── DATA PROVIDED

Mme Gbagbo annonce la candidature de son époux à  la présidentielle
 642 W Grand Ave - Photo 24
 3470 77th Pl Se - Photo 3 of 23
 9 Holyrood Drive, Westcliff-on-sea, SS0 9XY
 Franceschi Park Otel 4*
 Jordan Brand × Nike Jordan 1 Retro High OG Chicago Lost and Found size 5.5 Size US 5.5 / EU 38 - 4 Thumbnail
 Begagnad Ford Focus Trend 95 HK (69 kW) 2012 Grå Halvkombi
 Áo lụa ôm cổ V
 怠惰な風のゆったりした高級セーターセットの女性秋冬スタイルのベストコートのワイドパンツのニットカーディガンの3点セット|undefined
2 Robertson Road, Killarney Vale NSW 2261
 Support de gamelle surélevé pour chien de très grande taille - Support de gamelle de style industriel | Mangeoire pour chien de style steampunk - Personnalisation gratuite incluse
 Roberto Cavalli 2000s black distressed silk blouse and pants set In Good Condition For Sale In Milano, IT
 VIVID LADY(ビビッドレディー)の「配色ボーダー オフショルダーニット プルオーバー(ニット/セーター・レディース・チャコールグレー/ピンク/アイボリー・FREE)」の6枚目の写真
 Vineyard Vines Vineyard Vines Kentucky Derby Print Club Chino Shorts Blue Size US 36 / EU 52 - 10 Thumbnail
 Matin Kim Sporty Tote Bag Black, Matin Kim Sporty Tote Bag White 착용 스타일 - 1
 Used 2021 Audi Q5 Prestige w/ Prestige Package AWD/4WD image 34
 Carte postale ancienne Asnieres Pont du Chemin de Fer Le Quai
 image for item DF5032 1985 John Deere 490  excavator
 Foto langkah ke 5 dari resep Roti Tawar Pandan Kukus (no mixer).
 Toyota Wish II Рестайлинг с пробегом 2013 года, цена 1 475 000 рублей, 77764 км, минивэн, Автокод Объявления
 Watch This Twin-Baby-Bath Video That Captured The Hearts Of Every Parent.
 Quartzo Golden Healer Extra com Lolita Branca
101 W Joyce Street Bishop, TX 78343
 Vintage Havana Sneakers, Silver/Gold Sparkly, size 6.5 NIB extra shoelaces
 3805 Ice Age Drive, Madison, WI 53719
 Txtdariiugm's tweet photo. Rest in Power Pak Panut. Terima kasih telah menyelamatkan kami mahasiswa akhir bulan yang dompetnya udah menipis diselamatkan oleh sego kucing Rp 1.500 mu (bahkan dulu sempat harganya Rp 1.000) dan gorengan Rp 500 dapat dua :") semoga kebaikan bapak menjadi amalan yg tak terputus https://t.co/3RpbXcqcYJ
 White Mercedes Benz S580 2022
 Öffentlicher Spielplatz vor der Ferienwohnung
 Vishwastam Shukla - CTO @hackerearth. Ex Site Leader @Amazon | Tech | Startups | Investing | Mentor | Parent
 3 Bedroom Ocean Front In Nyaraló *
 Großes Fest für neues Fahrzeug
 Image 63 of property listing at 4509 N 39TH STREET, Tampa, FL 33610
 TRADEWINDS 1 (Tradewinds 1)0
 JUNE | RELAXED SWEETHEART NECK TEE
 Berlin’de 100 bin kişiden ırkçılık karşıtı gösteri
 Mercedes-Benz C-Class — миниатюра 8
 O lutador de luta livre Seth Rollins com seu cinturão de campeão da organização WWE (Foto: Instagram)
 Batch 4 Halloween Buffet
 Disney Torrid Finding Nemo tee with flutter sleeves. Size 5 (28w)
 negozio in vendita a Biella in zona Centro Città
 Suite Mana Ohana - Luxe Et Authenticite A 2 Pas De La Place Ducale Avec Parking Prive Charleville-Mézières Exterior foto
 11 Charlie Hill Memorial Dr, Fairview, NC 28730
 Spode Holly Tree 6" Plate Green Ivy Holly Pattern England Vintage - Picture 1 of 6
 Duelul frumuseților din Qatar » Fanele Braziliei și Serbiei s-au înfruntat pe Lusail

────

*EXERCISE BRIEF:* Copy each entry above exactly, leaving nothing out.

*RESULT FOR THIS TASK:*
Mme Gbagbo annonce la candidature de son époux à  la présidentielle
 642 W Grand Ave - Photo 24
 3470 77th Pl Se - Photo 3 of 23
 9 Holyrood Drive, Westcliff-on-sea, SS0 9XY
 Franceschi Park Otel 4*
 Jordan Brand × Nike Jordan 1 Retro High OG Chicago Lost and Found size 5.5 Size US 5.5 / EU 38 - 4 Thumbnail
 Begagnad Ford Focus Trend 95 HK (69 kW) 2012 Grå Halvkombi
 Áo lụa ôm cổ V
 怠惰な風のゆったりした高級セーターセットの女性秋冬スタイルのベストコートのワイドパンツのニットカーディガンの3点セット|undefined
2 Robertson Road, Killarney Vale NSW 2261
 Support de gamelle surélevé pour chien de très grande taille - Support de gamelle de style industriel | Mangeoire pour chien de style steampunk - Personnalisation gratuite incluse
 Roberto Cavalli 2000s black distressed silk blouse and pants set In Good Condition For Sale In Milano, IT
 VIVID LADY(ビビッドレディー)の「配色ボーダー オフショルダーニット プルオーバー(ニット/セーター・レディース・チャコールグレー/ピンク/アイボリー・FREE)」の6枚目の写真
 Vineyard Vines Vineyard Vines Kentucky Derby Print Club Chino Shorts Blue Size US 36 / EU 52 - 10 Thumbnail
 Matin Kim Sporty Tote Bag Black, Matin Kim Sporty Tote Bag White 착용 스타일 - 1
 Used 2021 Audi Q5 Prestige w/ Prestige Package AWD/4WD image 34
 Carte postale ancienne Asnieres Pont du Chemin de Fer Le Quai
 image for item DF5032 1985 John Deere 490  excavator
 Foto langkah ke 5 dari resep Roti Tawar Pandan Kukus (no mixer).
 Toyota Wish II Рестайлинг с пробегом 2013 года, цена 1 475 000 рублей, 77764 км, минивэн, Автокод Объявления
 Watch This Twin-Baby-Bath Video That Captured The Hearts Of Every Parent.
 Quartzo Golden Healer Extra com Lolita Branca
101 W Joyce Street Bishop, TX 78343
 Vintage Havana Sneakers, Silver/Gold Sparkly, size 6.5 NIB extra shoelaces
 3805 Ice Age Drive, Madison, WI 53719
 Txtdariiugm's tweet photo. Rest in Power Pak Panut. Terima kasih telah menyelamatkan kami mahasiswa akhir bulan yang dompetnya udah menipis diselamatkan oleh sego kucing Rp 1.500 mu (bahkan dulu sempat harganya Rp 1.000) dan gorengan Rp 500 dapat dua :") semoga kebaikan bapak menjadi amalan yg tak terputus https://t.co/3RpbXcqcYJ
 White Mercedes Benz S580 2022
 Öffentlicher Spielplatz vor der Ferienwohnung
 Vishwastam Shukla - CTO @hackerearth. Ex Site Leader @Amazon | Tech | Startups | Investing | Mentor | Parent
 3 Bedroom Ocean Front In Nyaraló *
 Großes Fest für neues Fahrzeug
 Image 63 of property listing at 4509 N 39TH STREET, Tampa, FL 33610
 TRADEWINDS 1 (Tradewinds 1)0
 JUNE | RELAXED SWEETHEART NECK TEE
 Berlin’de 100 bin kişiden ırkçılık karşıtı gösteri
 Mercedes-Benz C-Class — миниатюра 8
 O lutador de luta livre Seth Rollins com seu cinturão de campeão da organização WWE (Foto: Instagram)
 Batch 4 Halloween Buffet
 Disney Torrid Finding Nemo tee with flutter sleeves. Size 5 (28w)
 negozio in vendita a Biella in zona Centro Città
 Suite Mana Ohana - Luxe Et Authenticite A 2 Pas De La Place Ducale Avec Parking Prive Charleville-Mézières Exterior foto
 11 Charlie Hill Memorial Dr, Fairview, NC 28730
 Spode Holly Tree 6" Plate Green Ivy Holly Pattern England Vintage - Picture 1 of 6
 Duelul frumuseților din Qatar » Fanele Braziliei și Serbiei s-au înfruntat pe Lusail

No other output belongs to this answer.